Some things I may never understand. In fact, there are a lot of things I’m sure I will never understand. For the most part, I’m ok with that. Most things I don’t understand don’t need to be understood by me. Most of them can be left to the experts and that doesn’t bother me a bit. But there are a few things that I just lay awake at night, trying to figure out, and failing miserably. One of them is the duplicity that is each of my daughters. Let me give you a perfect example of this.
One day last week, I opened the door to my bedroom and walked in to discover a piece of paper on the floor that had obviously been slid under the closed door. This is a Cambria technique for the delivery of pictures, bookmarks, notes, etc. when my door is closed. I reached down, picked it up, and started to read. My eyes began to fill with tears and my heart sang a little song of joy as I deciphered her note to her dad:
I remembered that earlier that day, she had asked me how to spell “special” and that I had seen her with her paper and pencil at the table, working on something. This is apparently what she had been working on. It amazed me that something so true, profound, and meaningful could come from the mind and heart of such a small person, and that it could have such a large effect on me. It was one of the moments I will treasure forever.
Lovely, no? Enough to make up for oh so much pain and struggle with her. Even made Sunday’s debacle seem small and insignificant.
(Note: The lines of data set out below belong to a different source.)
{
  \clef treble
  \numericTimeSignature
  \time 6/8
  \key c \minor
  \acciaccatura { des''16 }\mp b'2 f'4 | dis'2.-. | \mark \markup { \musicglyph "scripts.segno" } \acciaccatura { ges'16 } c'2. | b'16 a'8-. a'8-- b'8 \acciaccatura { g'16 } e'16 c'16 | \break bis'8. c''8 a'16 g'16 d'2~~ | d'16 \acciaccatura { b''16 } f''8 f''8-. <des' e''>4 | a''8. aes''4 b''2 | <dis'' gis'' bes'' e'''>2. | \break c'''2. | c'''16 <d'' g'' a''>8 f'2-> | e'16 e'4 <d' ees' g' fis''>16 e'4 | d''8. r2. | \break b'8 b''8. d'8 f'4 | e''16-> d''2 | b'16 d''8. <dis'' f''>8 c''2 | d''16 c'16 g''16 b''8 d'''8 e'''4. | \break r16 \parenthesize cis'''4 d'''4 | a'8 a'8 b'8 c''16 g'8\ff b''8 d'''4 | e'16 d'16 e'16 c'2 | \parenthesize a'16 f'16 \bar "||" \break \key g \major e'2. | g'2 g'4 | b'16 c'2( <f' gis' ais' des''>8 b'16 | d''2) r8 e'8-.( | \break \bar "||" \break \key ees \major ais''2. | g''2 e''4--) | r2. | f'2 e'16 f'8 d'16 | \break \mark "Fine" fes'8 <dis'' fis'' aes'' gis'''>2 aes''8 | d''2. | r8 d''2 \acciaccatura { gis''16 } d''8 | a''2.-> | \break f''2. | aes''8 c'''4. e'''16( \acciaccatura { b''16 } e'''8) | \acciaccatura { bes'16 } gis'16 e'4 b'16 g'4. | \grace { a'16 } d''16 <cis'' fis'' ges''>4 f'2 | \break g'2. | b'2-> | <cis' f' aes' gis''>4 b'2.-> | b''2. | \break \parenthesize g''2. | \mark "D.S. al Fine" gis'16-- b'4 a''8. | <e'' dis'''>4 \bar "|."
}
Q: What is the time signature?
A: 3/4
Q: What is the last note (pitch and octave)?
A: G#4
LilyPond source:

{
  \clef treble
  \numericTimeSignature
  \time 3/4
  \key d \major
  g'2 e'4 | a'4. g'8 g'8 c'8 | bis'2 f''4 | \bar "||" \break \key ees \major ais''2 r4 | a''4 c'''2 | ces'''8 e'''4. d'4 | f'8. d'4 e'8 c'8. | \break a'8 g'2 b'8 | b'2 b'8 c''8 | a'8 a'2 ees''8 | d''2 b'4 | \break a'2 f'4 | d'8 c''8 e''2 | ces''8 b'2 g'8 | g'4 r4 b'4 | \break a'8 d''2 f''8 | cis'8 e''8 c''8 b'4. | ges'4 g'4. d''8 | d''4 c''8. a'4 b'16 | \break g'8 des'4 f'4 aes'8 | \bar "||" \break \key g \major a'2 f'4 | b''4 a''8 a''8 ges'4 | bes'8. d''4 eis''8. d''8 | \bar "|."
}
Fast forward no more than five minutes. Cue Isaac’s blood-curdling scream. Out I rush to find Isaac crying hysterically and Cambria with the meanest, dirtiest look on her face. It was obvious to me she had just taken an opportunity to express her displeasure with her brother in a much-less-than-acceptable way. I walked toward her and she, knowing what was coming, sat back on the couch and began kicking her feet wildly in an attempt to ward me off. I scooped her up and off to her room we went for the inevitable time-out.
Isaac is still crying loudly, so my next immediate concern is to see what damage has been done. I hugged him and asked him if he would be ok. “Ya, I’ll be all right,” was his half-choked response. On his upper right arm was the evidence of what had just passed: a perfect imprint of all Cambria’s teeth. My heart almost broke. I know what it feels like to have those teeth implanted in your flesh hard enough to leave a mark like that. I was so thankful the skin hadn’t been broken, but he would invariably have a large bruise on his right arm.
I simply could not and still can not understand how Cambria could fly to such an extreme. It seems that both my girls can be set off at the smallest, most insignificant thing. To be fair, Isaac does tease them both, and I can see that there are times when he deserves to be harassed a bit for the way he treats them, but I honestly cannot understand what it is that causes my sweet girls to become so completely horrid. Especially when I know they are capable of so much good.
Anxiety plays a big part in this violence for my girls. They are both on anxiety medication (as is their mother, so I’m certain that is something they have inherited), which caused a noticeable change in the frequency of Erica’s violence. I’ve begun to wonder if Cambria’s medication dose needs to be adjusted, as the incidence of her violence has become more and more frequent. I’ve expressed before that I am not sure how much I think is a learned behavior for her and how much is possibly biological/chemical/genetic. I’m hopeful that getting Erica’s behavior back under control will help, but there is a part of me that is pretty sure there’s more going on with Cambria than her simply reproducing behavior she has observed.
Next week Erica has an intake appointment with a clinic where I am hopeful we will find a good therapeutic connection for her. Maybe if we can find someone she will open up to and connect with, then things will settle back down. And maybe if Erica’s behavior settles down, Cambria’s will as well. But it is so hard to know. I don’t know how long to wait before I need to do something else. And when it comes to that point, what is the “something else” that I need to do?
I love my children. They have brought me so much joy. But this is so difficult. It breaks my heart to see my son putting up with so much. I’m so thankful he doesn’t get violent with them, but at the same time, I want him to stand up for himself. I don’t know how to teach him to protect himself without condoning violence to combat violence. I don’t even know how to deal with it myself when the girls start to take their anger out on me. The safest thing I’ve come up with is seclusion for the offender, but Isaac can’t very well take the girls to their rooms when they attack him.
It is so frustrating to me to not know what to do. I feel like I am floundering so much of the time – like no matter what I do, all I am managing is survival. Life should be so much more than simply surviving one day to the next. But when it takes every ounce of emotional and physical energy I have just to make it through the day, I just don’t see how there can be room for more than that. For now, survival is the best I’ve got.